Reactions: Like 1 | Thanks 1


----------



## Rooigevaar (5/8/16)




----------



## Rooigevaar (10/8/16)

*Rainbow Monster will be on special at VapeCon! 50ml for only R200*

Reactions: Like 1


----------



## Rooigevaar (17/8/16)

You can win a bottle of Rainbow Monster here http://www.ecigssa.co.za/vapecon-winners-with-wiener.t27099/


----------



## Stosta (31/8/16)

Oi! @Rooigevaar !

It's been like... 8 years since Vapecon, and I still haven't seen this on any sites! I demand satisfaction!
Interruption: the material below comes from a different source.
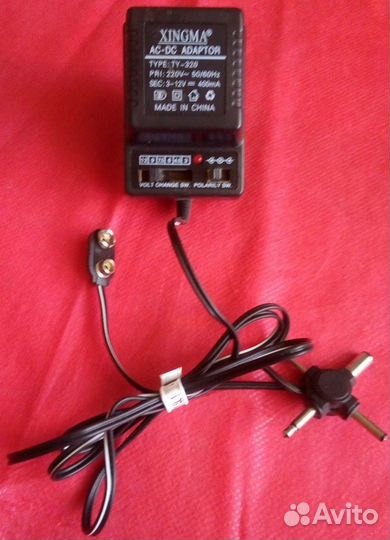 Блок питания xingma TY-320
Reactions: Like 1 | Agree 1 | Funny 1


----------



## Rooigevaar (31/8/16)

Stosta said:


> Oi! @Rooigevaar !
> 
> It's been like... 8 years since Vapecon, and I still haven't seen this on any sites! I demand satisfaction!

Reactions: Funny 3


----------



## Stosta (31/8/16)

One of my mates made the mistake of sending me a whastapp pic of his bottle. I've invited myself over to his house tonight, while he is away at work...

Reactions: Funny 2


----------



## Schnitzel Frontier (19/12/16)

Cannot get enough of this yummy flavour !!!! Considering filling a bath tub and going swimming.......

Reactions: Funny 1


----------



## Rooigevaar (19/12/16)

Schnitzel Frontier said:


> Cannot get enough of this yummy flavour !!!! Considering filling a bath tub and going swimming.......



Just make sure its 0mg!!!

Reactions: Like 1 | Funny 2


----------



## Schnitzel Frontier (19/12/16)

Rooigevaar said:


> Just make sure its 0mg!!!


Almost forgot that part 
Shot

Reactions: Like 1


----------